No two individuals will react in the same manner to a traumatic event - and not everyone who experiences a traumatic event will become psychologically traumatized. However, if you are feeling overwhelmed and experience many of the symptoms listed below, you should consult a qualified practitioner for assessment. 

Some common symptoms associated with a traumatic reaction are: 

Re-experiencing the traumatic event
  • nightmares about the trauma.
  • distressing and intrusive memories of the trauma.
  • flashbacks to the trauma.
Avoidance or Numbing
  • attempts to avoid thoughts, feeling, activities associated with the trauma.
  • difficulty remembering important parts of the traumatic event.
  • feelings of detachment and a sense of alienation from the world around you.
  • decreased interest in activities that were once enjoyed.
  • feeling jumpy.
  • difficulty falling or staying asleep.
  • concentration problems.
  • feeling constantly on guard.
  • irritability and angy outbursts.

Psychologists and psychological associates at  Fleming Vigna Balmer are experienced in working with children, adolescents, and adults who have experienced trauma.
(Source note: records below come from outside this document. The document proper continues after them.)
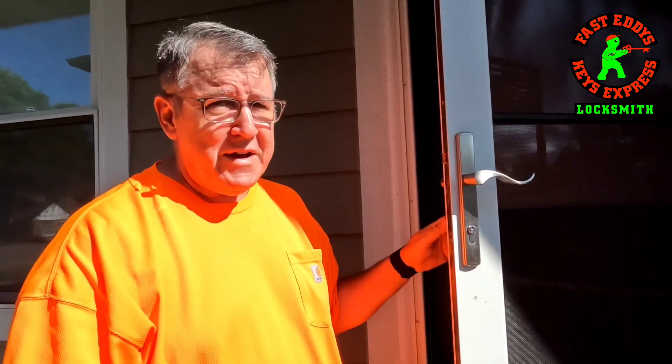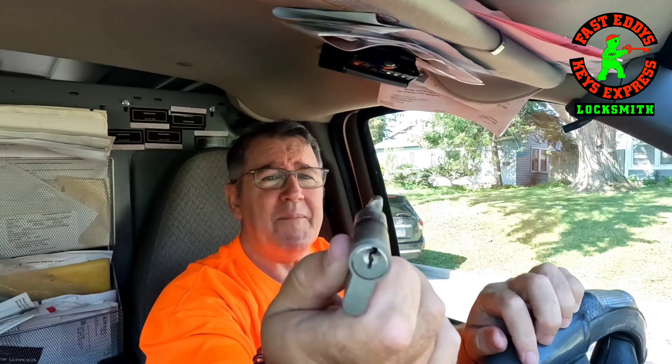We basically upsold them on the idea — they loved it. I thought the screen door was so unique, why not? So that's basically it — that's our profile cylinder installation that we did today. That's how a profile cylinder works with the Rockwell screen door. It's new to me and I really like it. Most screen doors I tell homeowners don't even bother with them, but this one was kind of unique. Thank you for joining me today. This is Fast Eddie from Fast Eddie's Keys Express in Minneapolis, Minnesota. Have a good week. Bye bye.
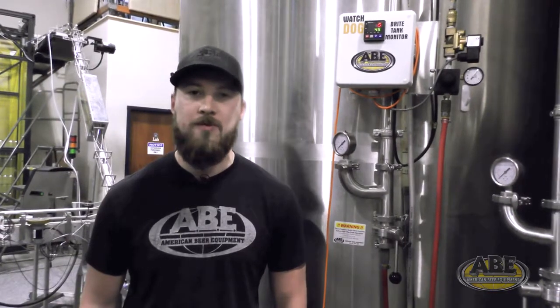The largest benefit of the watchdog is going to be consistent fills in small packages, whether it be a can or a bottle, especially on machines that are based on a timed fill.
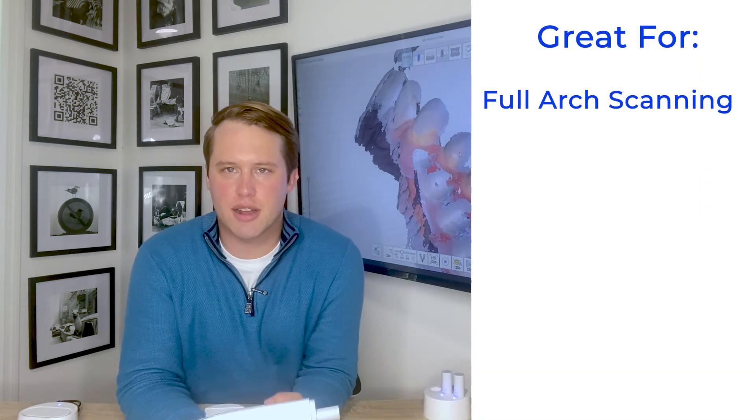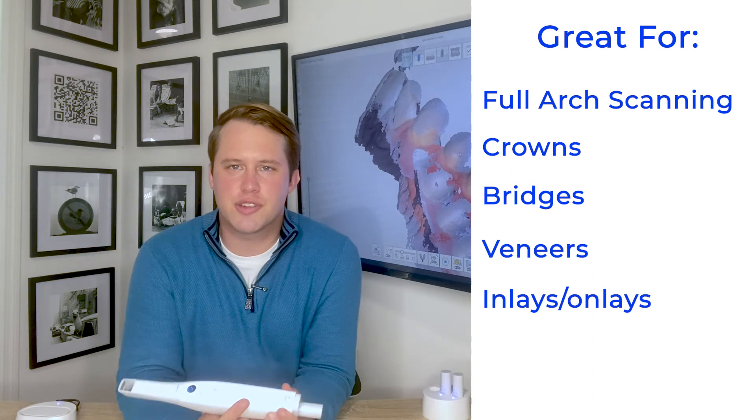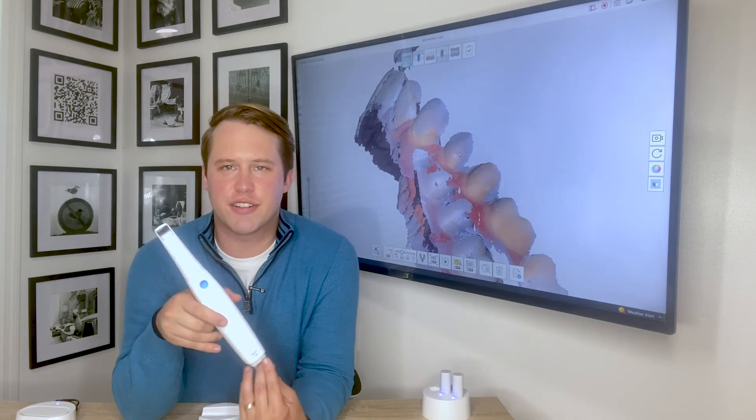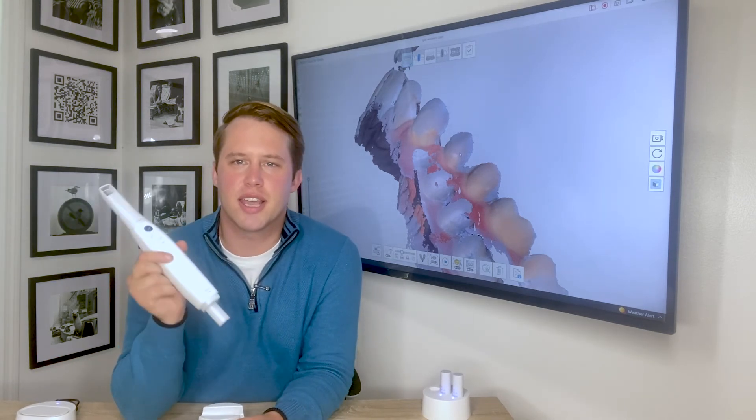Extremely fast full arch scanning capability — whether you're going to be scanning for crowns, bridges, veneers, inlays, or onlays, this scanner is capable of doing it wirelessly. Again, it's like a dog off its leash. Very fast at 70 frames per second, very lightweight, very user friendly, and highly recommended.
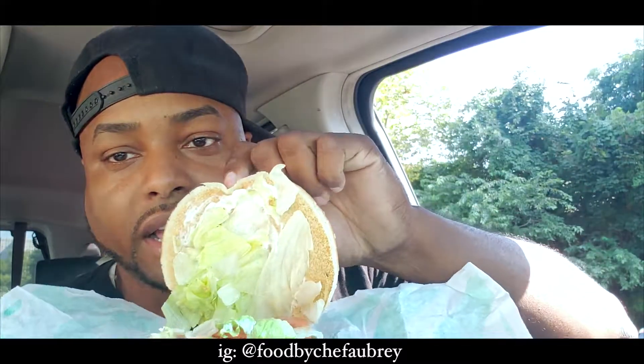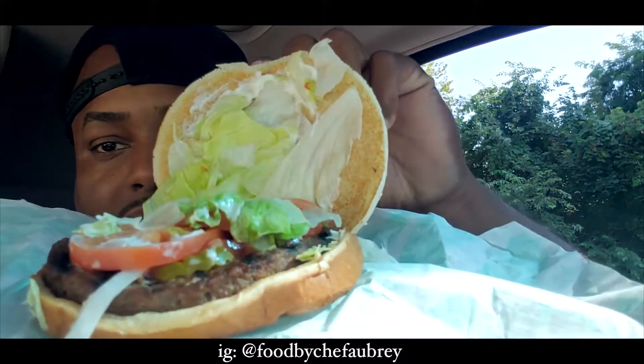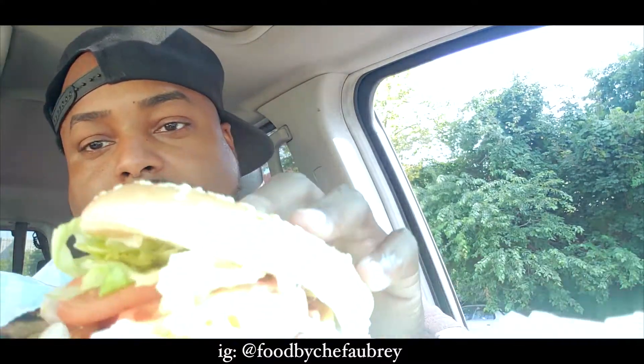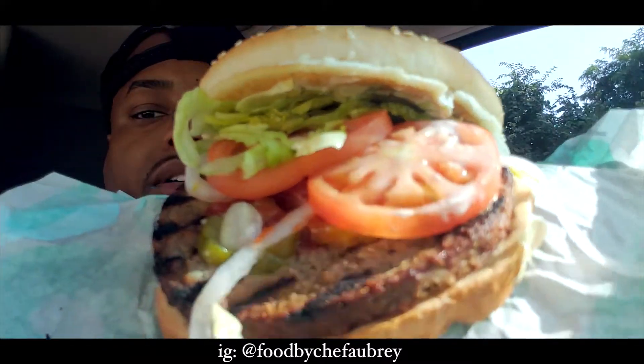I must admit I'm a little skeptical. Trying to do the healthy thing — I'm over 30 so healthy is what it is. This is it, y'all. Looks like a Whopper. Let's see what's going on inside — got all the same fixings as a Whopper. Meatless Impossible Burger. It smells like a Whopper. It even got the grill marks — even got the grill marks. The lettuce is falling out. Let's have a bite.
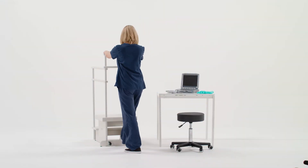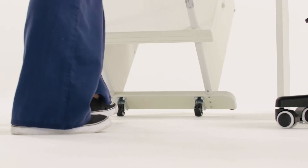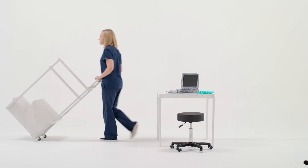And for added versatility, the tip and toe feature makes moving your step from room to room and into storage nearly effortless.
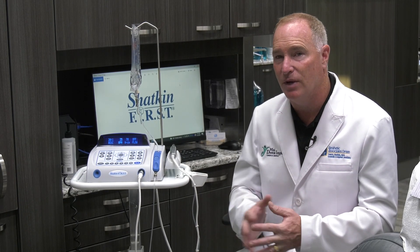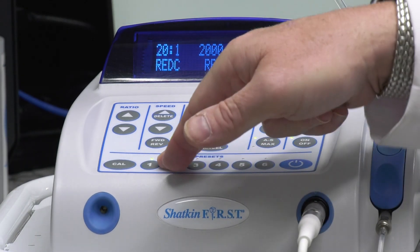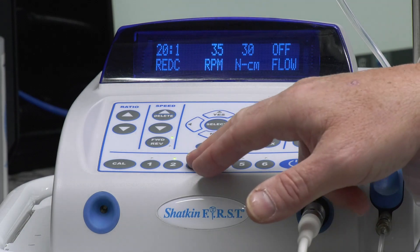Just to recap: you've got your pilot hole, you've got your torque test, and you've got your final placement of the implant.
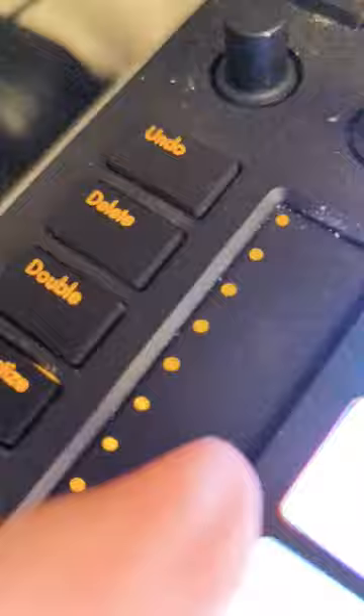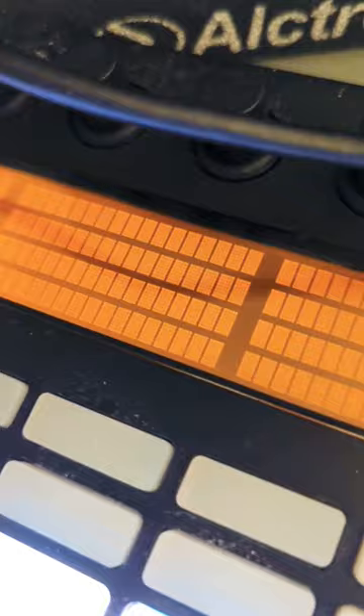It's tough to do with one hand, so you just tap it there and it'll tell you on the screen what it's switching to. So you can have mod wheel or pitch bend. This is so cool.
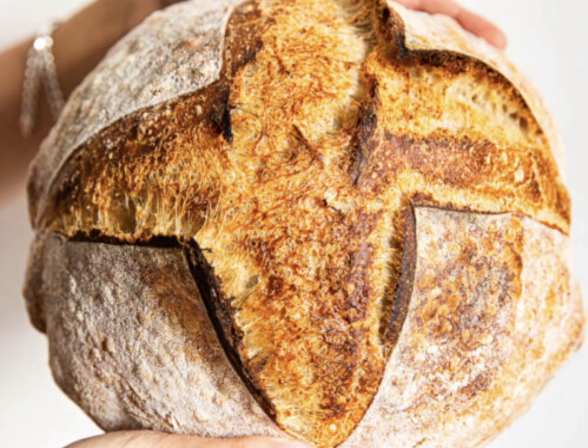Sourdough is not always easy. You have to get the timing, kneading, resting time, and the temperature correct.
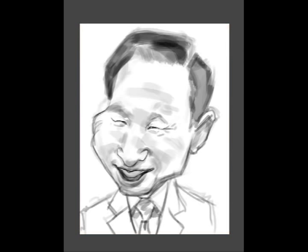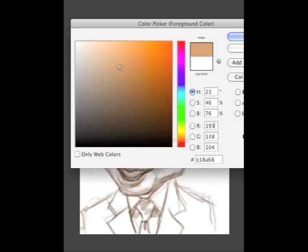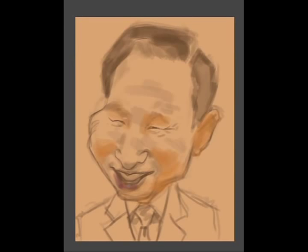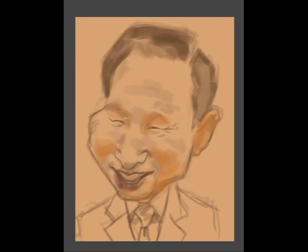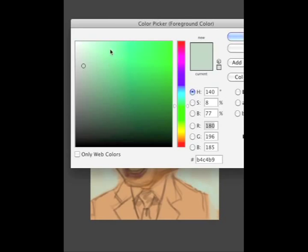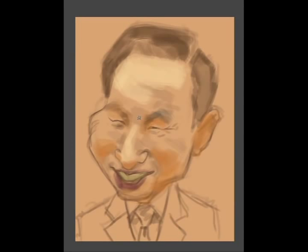Now you might be wondering, why is he painting the president of South Korea? Well, it's because I'm in South Korea and I'm going to be here until August 20th, then I have to go back to the US so I can finish off my last semester at art school. I'm in South Korea because I met someone last year who owns a caricature company in Seoul, Korea. I asked her if I could go and work for her this summer because I really had nothing better to do and I thought it would be a really great opportunity to go and live in a different country.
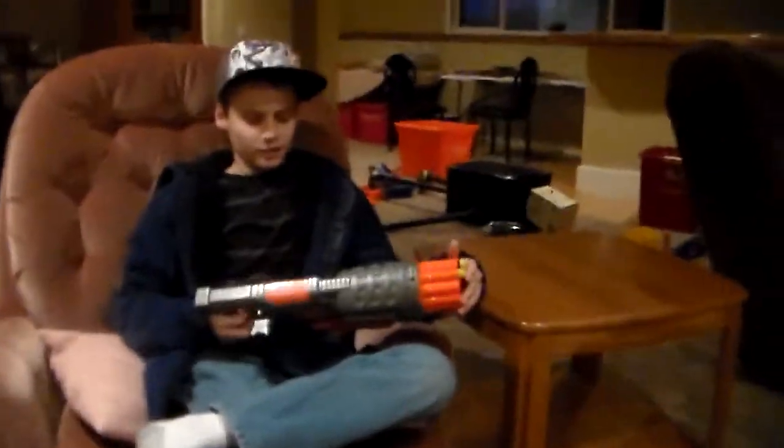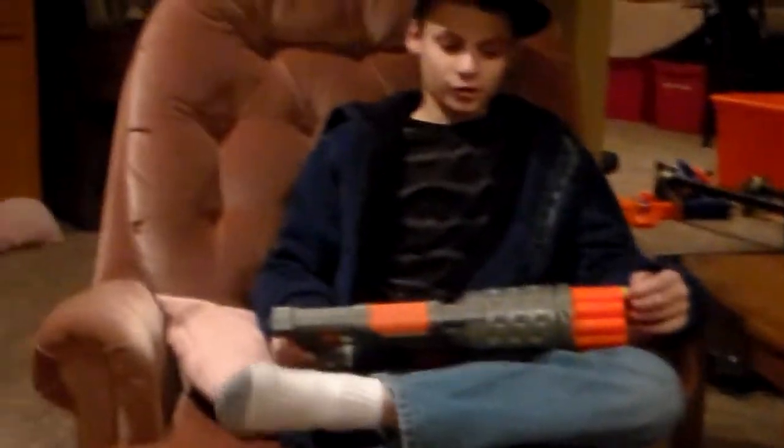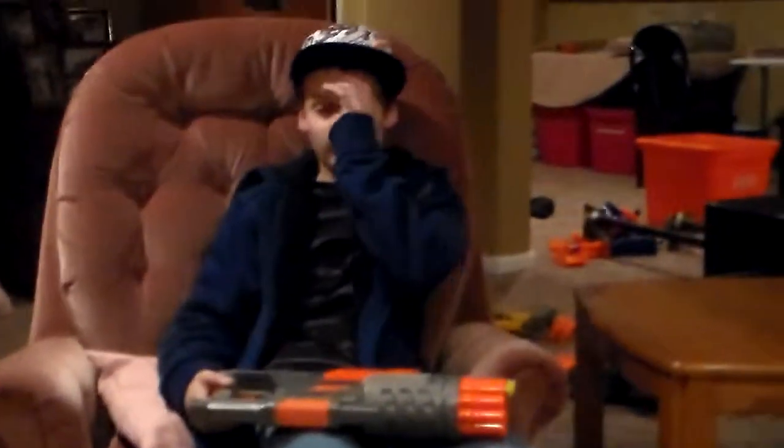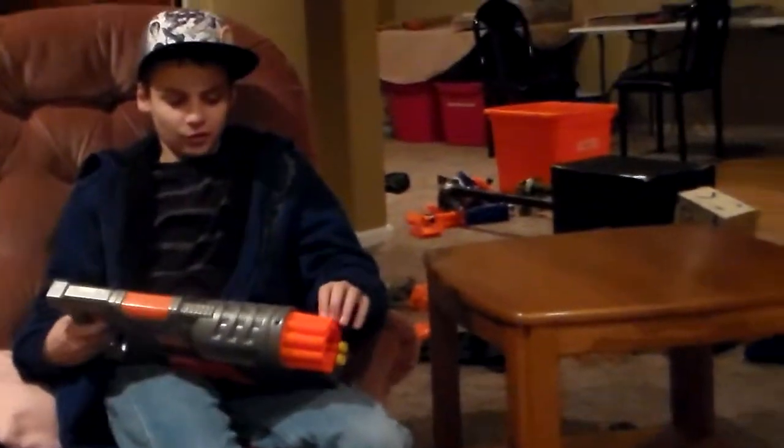The range on it is about 25 feet. You can buy it at Walmart, Target, Toys R Us, and Walgreens — I don't know why, but I find stuff at Walgreens. It costs about 15 bucks at all the stores.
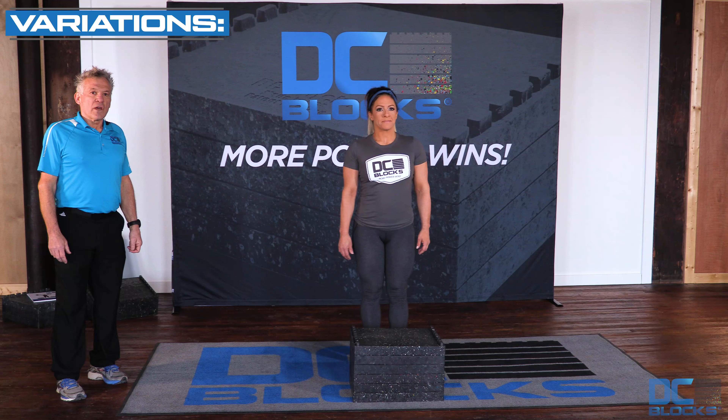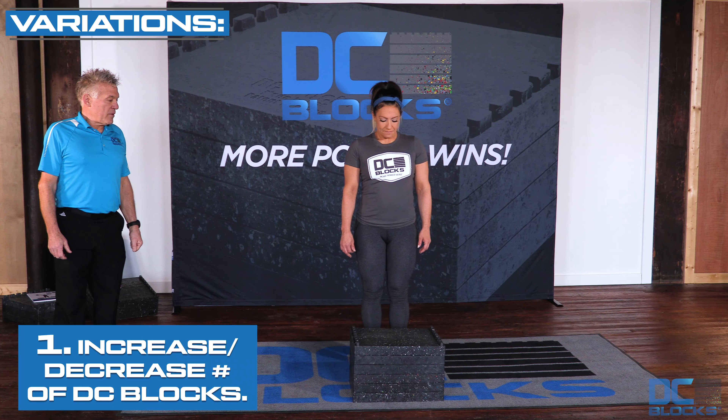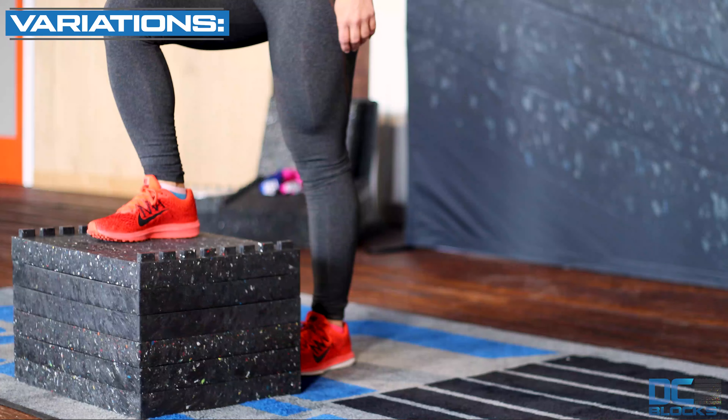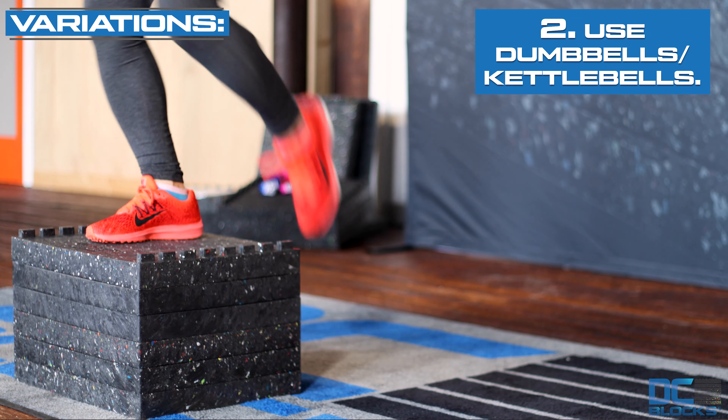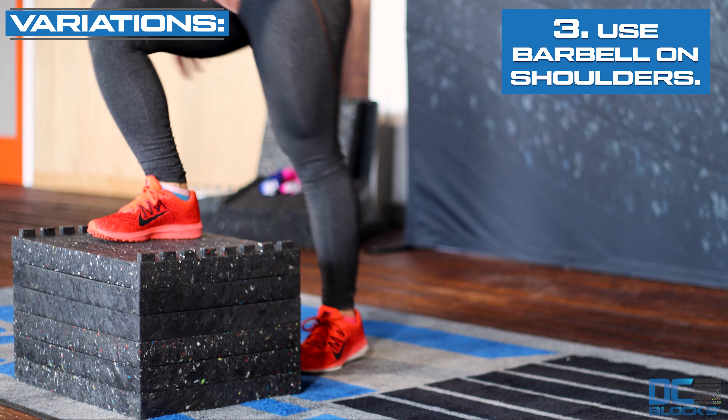As a variation, you can achieve triple extension to develop power by putting your lead leg up on the block, then driving upwards, achieving triple extension, and flexing your hip and knee to gain height of your hips. It's a lot of power.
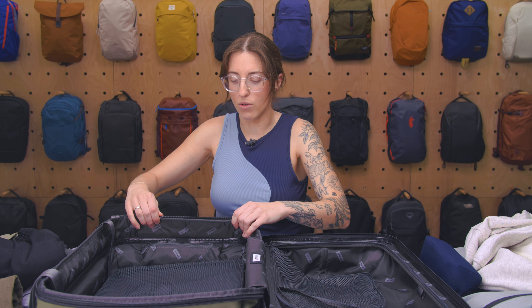Just keep in mind that if you're going to use the expansion system, it could impact your carry-on compliance, so make sure you take those measurements into account. So there you have it — the Away Carry-On Flex. Thanks for keeping it here at Pack Hacker, your guide to smarter travel, and we'll see you in the next one.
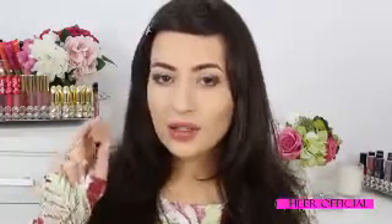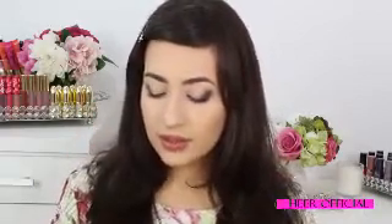Now I'm going to apply this color called Notemag by Artists of Makeup. Using a blending brush, I'm going to apply this color in my crease.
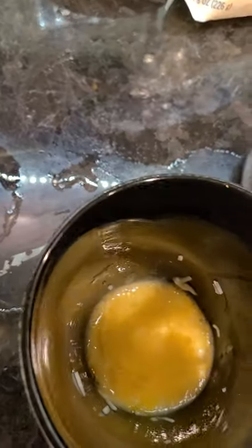I went ahead and put an egg in here, and then I also put the cheddar jack — the cheapest cheese I could get — and I just mix it up. Then I'll put it in the microwave for about a minute.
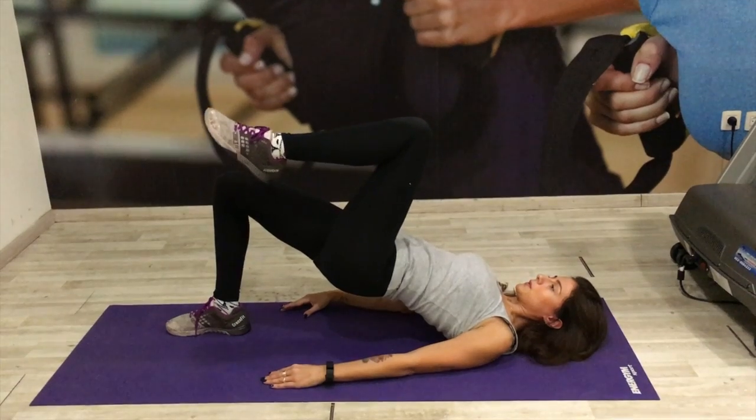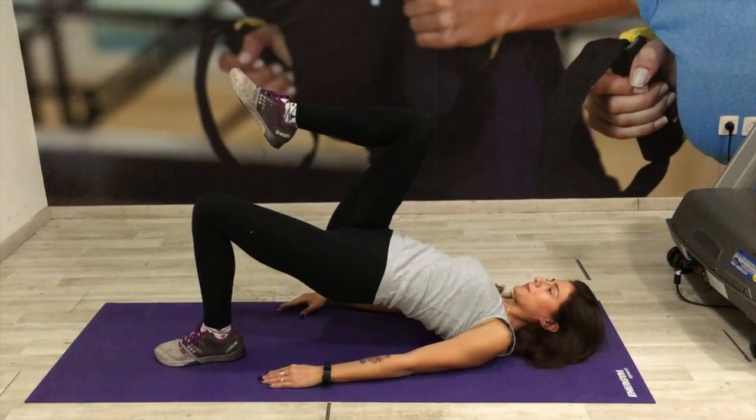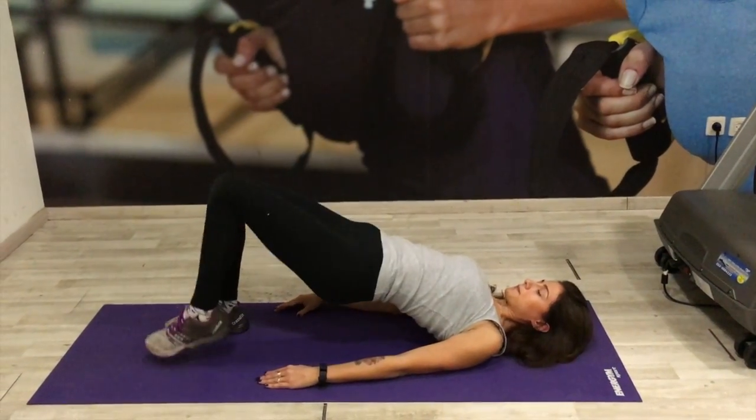Always be sure to squeeze that bum super super tight, engage the core. This is a fabulous exercise for your glutes, your butt, your legs, your thighs, your core.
Treatment goals for trauma include, 1) reducing intrusive symptoms, 2) reducing symtoms of avoidance, 3) reducing numbing and withdrawal, 4) reducing hyperarousal, and 5) improving impulse control. By reducing these problematic symptoms, a number of related and important goals can be accomplished.  These include; 1) developing the capacity to interpret events more realistically, 2) developing the ability to judge individuals more realistically with respect to their potential threat content, and 3) enhancing self-esteem, trust, and feelings of safety.